Dieu n'a promis son infaillibilité qu'à son Église : les sociétés humaines peuvent se tromper ; les plus sages législateurs en ont été la preuve. Pourquoi donc comparer les décisions d'une « auto­rité irréfragable » avec celle d'une puissance qui peut errer, et faire, dans cette comparaison, pencher la balance en faveur de cette dernière? Chaque puissance a d'ailleurs les mêmes droits, ce que la France ordonne, l'Espagne et l'Empire peuvent l'exiger; et comme les lois sont partout différentes, il s'en suivra que l'ensei­gnement de l'Église devra varier suivant les peuples pour se trou­ver d'accord avec les lois.

 

Dira-t-on que le parlement français en agissait ainsi?
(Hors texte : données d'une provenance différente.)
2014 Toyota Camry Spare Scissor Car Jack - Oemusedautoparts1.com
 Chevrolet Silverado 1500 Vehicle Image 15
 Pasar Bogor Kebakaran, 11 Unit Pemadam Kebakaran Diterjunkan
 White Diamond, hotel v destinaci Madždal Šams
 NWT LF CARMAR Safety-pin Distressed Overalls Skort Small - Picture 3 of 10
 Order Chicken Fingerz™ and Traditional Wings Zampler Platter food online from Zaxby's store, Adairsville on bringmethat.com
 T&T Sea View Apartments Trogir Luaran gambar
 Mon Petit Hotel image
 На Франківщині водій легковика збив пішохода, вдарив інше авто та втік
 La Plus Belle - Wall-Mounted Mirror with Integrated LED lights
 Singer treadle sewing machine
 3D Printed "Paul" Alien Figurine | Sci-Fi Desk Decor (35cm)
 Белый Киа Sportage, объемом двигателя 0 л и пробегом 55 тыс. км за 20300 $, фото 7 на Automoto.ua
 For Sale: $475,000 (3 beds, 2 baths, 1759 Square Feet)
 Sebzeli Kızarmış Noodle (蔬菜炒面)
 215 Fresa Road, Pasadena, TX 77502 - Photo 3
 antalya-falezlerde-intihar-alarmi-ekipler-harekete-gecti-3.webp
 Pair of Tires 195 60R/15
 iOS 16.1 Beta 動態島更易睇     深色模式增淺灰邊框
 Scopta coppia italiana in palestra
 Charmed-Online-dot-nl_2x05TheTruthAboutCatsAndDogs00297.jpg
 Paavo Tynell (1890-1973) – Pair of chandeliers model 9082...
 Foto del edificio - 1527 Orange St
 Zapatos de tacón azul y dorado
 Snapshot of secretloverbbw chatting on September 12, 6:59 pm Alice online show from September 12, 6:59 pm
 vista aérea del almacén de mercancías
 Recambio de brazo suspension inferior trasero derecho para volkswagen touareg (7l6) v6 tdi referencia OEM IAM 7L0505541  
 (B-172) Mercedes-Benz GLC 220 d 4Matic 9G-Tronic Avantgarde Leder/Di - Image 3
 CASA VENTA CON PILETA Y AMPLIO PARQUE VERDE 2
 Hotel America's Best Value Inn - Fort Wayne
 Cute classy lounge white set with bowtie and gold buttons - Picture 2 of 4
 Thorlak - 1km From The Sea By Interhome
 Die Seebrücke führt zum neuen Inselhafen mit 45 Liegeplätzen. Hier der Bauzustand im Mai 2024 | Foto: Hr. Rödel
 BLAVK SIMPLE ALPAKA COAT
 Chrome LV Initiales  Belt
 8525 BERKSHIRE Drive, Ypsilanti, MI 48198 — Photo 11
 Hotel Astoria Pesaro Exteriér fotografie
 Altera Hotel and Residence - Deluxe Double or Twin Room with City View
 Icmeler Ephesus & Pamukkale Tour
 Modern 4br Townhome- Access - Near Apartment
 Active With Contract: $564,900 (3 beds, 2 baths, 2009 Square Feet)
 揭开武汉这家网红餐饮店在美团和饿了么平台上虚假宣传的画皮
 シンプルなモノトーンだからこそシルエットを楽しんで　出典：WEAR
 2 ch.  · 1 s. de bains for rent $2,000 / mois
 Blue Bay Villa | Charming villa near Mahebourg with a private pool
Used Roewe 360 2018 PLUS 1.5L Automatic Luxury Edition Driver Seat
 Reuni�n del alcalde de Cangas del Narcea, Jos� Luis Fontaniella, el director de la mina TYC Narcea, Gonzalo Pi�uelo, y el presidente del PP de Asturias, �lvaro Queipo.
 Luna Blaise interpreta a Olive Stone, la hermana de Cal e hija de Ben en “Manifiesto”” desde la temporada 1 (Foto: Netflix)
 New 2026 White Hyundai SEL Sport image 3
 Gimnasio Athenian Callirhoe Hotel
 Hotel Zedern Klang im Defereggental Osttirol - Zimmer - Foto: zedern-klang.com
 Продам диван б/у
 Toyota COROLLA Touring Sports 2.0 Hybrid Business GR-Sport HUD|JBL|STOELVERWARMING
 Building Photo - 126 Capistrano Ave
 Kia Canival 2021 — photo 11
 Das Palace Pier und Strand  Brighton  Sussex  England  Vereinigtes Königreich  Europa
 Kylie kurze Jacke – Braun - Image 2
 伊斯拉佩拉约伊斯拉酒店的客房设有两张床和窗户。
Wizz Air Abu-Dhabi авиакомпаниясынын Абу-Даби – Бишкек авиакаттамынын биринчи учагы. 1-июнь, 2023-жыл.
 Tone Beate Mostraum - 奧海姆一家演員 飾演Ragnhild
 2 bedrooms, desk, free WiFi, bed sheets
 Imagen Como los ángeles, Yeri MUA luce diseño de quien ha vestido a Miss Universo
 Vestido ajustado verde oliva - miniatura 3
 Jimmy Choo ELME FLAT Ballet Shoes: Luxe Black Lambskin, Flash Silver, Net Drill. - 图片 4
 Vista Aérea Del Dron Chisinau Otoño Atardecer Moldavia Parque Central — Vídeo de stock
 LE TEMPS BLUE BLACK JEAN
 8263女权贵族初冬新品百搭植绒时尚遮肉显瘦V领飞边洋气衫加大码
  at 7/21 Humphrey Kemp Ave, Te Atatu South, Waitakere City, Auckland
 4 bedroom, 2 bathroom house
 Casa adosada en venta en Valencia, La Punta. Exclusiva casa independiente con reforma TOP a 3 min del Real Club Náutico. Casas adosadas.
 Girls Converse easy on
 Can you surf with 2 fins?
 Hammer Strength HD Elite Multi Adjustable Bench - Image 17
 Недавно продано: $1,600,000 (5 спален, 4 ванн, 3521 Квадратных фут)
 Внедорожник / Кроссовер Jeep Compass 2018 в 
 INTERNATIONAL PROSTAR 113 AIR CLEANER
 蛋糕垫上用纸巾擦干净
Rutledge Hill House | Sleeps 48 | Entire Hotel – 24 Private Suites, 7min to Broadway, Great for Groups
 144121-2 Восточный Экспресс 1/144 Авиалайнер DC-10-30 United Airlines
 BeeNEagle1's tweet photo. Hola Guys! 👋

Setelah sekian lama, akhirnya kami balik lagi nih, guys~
Je le sais: mais il n'examinait, suivant sa déclaration du 24 mai 1768, que ce qui pouvait, dans la publication des canons et des bulles, altérer ou intéresser la tranquillité publique, et non leur conformité avec des lois qui pouvaient changer dès le lendemain.

 

Cet abus d'ailleurs, ne pourrait être légitimé par l'usage, et le gouvernement en sentait si bien les inconvénients qu'il disait au parlement de Paris, le 6 avril 1757, par l'organe de d'Aguessau:

 

« Il semble qu'on cherche à affaiblir le pouvoir qu'a l'Église de faire des décrets, en le faisant tellement dépendre de la puissance civile et de son concours que, sans ce concours, les plus saints décrets de l'Église ne puissent obliger les sujets du roi. »

 

Enfin, ces maximes n'avaient lieu dans les parlements, suivant la déclaration de 1766, que pour rendre les décrets de l'Église lois de l'État, et en ordonner l'exécution, avec défense, sous les pei­nes temporelles, d'y contrevenir. Or, ces motifs ne sont plus ceux qui dirigent aujourd'hui le gouvernement, puisque la religion n'est plus la religion de l'État, mais uniquement celle de la majorité des Français.